Pane di Laterza is a traditional bread of Laterza, a little municipality in the province of Taranto, in Apulia, in Southeastern Italy. It is made with durum flour with water, salt and sourdough. It is mainly produced in Laterza, but it can be also found in neighbouring municipalities. It has been recognised by the Italian Ministry of the Agriculture, Food and Forestry Policies as Traditional Food Product (Prodotto Agroalimentare Tradizionale PAT) of Apulia.

Origins 
Agriculture has ever been fundamental for the economy of Laterza. The first evidence of the use of cereals for the production of bread date back to 5th-century b.C. Spelt and barley were the most used ones, above all for what was called focaccia. After the Roman period, for several centuries, the production of bread was only for the noble people who could manage a bakery. In the district called nowadays "Fornaci"  ( Furnaces which, in Italian, stands also for bakeries), an ancient oven for bread has been found. It had been active until 18th century and it belonged to a feudatory.
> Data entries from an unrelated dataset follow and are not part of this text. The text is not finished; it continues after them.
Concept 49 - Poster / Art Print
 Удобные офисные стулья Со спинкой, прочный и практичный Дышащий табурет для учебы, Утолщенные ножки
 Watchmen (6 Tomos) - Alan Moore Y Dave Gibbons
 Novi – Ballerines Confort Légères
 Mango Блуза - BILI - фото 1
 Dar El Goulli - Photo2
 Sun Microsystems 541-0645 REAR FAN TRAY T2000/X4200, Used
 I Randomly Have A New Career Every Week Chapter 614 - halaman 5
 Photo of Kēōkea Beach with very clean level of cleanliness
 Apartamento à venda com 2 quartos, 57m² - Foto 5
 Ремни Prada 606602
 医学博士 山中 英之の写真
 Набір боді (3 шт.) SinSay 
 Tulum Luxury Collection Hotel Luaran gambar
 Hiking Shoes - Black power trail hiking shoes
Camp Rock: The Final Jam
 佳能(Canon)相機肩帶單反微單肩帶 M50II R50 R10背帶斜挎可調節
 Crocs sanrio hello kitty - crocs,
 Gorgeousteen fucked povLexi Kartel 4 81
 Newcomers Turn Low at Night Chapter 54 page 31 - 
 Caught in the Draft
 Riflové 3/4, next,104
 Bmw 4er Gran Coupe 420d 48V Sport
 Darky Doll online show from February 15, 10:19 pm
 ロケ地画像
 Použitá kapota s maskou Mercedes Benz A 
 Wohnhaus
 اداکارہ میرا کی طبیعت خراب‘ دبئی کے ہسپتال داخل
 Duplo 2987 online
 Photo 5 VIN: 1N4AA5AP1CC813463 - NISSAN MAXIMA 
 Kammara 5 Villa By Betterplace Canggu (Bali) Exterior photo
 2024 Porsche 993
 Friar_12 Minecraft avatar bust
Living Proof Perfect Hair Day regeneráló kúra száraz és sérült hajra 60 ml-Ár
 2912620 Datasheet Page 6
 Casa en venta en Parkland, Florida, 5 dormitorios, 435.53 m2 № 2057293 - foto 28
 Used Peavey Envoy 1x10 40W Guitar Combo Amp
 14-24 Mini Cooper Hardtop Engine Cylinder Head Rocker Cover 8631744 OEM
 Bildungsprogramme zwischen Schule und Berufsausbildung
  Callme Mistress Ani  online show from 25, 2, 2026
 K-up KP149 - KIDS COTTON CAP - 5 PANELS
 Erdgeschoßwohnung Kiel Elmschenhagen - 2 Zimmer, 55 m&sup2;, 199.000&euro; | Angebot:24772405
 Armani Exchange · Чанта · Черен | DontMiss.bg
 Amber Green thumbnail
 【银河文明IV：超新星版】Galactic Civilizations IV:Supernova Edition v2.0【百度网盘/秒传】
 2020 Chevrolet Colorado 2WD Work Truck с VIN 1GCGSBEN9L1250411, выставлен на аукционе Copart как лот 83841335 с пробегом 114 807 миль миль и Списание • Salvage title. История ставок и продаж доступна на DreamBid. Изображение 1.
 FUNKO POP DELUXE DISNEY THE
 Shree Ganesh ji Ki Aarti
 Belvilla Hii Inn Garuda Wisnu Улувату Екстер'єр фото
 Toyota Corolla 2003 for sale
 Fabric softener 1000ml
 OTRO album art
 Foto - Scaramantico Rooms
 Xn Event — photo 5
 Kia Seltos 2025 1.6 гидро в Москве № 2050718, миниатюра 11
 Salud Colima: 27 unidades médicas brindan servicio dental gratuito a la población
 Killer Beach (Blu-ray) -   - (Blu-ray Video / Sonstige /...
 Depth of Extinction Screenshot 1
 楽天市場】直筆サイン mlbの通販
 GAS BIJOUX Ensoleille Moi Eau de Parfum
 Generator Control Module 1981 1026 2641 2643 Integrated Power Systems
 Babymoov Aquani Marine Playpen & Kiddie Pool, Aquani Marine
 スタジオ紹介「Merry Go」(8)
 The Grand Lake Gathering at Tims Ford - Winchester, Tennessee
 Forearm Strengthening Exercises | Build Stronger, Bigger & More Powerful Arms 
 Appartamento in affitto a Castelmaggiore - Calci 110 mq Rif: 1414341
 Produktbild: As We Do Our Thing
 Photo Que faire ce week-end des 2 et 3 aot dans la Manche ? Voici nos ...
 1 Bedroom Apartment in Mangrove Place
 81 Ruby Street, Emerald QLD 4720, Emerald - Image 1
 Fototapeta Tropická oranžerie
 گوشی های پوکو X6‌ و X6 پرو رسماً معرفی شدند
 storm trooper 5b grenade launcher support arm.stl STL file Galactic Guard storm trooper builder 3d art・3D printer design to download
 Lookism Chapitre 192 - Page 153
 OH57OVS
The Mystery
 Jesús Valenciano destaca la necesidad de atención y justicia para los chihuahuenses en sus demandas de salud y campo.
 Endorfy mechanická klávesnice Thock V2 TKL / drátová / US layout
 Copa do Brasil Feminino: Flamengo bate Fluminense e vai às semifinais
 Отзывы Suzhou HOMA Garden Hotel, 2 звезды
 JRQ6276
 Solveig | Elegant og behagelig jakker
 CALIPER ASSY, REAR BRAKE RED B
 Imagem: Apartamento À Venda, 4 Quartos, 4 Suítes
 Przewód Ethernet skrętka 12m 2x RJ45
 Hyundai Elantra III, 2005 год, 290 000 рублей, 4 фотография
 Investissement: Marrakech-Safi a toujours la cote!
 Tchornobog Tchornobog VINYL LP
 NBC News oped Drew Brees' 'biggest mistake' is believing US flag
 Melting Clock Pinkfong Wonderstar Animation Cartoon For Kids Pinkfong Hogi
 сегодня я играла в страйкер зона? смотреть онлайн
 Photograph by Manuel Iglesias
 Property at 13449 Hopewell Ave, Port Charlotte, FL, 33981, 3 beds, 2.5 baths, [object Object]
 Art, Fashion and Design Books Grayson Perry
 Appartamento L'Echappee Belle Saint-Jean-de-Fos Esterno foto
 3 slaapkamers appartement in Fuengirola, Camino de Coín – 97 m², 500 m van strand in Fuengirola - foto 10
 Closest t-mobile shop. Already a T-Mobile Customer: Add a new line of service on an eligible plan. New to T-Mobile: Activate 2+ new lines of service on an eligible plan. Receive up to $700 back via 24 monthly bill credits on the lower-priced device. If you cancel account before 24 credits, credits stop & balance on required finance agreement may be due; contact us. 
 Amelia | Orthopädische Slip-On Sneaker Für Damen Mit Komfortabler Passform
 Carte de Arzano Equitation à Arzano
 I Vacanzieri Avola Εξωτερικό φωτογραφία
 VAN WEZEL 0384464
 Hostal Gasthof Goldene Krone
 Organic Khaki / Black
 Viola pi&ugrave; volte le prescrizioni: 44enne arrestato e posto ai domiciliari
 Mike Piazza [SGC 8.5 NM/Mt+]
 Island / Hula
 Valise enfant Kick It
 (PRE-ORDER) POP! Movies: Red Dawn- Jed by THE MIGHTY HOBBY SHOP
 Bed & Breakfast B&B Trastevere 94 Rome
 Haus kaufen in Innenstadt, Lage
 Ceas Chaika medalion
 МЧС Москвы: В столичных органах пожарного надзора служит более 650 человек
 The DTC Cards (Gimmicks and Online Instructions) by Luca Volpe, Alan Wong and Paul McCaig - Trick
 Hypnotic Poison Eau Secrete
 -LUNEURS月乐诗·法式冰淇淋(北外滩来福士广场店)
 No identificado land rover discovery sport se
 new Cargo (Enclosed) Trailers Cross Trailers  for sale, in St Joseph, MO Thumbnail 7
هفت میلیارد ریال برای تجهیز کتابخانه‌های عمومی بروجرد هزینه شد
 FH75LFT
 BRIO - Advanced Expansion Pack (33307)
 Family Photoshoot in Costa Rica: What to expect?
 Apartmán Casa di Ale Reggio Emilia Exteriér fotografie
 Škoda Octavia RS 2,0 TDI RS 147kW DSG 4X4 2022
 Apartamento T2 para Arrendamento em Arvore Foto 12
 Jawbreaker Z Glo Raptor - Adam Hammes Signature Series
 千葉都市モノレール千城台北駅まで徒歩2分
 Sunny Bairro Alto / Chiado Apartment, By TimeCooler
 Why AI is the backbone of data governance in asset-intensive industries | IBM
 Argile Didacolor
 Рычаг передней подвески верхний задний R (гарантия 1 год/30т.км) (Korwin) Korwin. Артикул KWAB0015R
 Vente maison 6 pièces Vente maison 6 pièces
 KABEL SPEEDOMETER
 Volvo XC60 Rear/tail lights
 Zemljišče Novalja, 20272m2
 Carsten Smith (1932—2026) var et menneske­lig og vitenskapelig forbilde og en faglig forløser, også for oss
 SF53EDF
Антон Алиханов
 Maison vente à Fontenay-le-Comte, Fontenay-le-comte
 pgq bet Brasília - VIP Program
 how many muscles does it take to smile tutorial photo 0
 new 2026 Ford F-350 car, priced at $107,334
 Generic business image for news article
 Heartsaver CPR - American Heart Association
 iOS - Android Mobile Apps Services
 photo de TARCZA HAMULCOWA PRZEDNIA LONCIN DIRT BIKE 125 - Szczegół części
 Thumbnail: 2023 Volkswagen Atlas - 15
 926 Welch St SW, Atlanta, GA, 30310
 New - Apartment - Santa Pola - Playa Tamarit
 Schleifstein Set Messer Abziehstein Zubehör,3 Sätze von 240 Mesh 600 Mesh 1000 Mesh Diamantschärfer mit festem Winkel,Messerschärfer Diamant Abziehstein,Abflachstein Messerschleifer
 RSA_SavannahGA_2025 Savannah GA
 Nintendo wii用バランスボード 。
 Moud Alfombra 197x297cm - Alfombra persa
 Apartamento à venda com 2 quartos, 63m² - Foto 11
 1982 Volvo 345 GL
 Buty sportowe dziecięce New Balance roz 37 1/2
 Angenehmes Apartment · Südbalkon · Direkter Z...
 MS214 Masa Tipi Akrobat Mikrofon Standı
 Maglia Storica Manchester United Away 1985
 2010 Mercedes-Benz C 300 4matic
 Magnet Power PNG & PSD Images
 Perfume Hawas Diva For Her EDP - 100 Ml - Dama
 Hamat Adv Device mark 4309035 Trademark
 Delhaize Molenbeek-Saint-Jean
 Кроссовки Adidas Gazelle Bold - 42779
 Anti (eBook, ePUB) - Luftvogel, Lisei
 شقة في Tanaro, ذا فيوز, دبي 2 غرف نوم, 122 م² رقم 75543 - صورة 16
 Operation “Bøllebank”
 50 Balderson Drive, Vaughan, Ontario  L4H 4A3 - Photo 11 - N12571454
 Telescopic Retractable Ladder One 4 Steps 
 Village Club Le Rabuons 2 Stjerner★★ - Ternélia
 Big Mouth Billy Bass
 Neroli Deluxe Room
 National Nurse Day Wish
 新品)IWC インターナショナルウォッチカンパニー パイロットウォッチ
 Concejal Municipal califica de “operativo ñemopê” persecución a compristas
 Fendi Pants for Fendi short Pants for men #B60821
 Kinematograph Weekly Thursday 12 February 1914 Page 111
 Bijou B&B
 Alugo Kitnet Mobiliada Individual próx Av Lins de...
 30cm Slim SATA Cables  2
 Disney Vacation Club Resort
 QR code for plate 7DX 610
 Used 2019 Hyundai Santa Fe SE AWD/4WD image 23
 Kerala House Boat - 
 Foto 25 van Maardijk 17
In the 50s, the bakeries were managed by only four women: a baker and three workers. The workers prepared the firewood and took the dough from the houses of the village. The baker cooked it and then the workers brought the baked bread in the houses again.

Characteristics 
Pane di Laterza is baked in the wood oven with olive wood with some other natural aromatic products like seeds of apricot and almonds. The size of each piece of bread (called panelle or panédd in local dialect) can amount to one, two and four kg. The crust is brown while the soft part inside the bread is ivory.

For 100 grams:

Consortium 
Consorzio per il Pane di Laterza, Laterza (Taranto)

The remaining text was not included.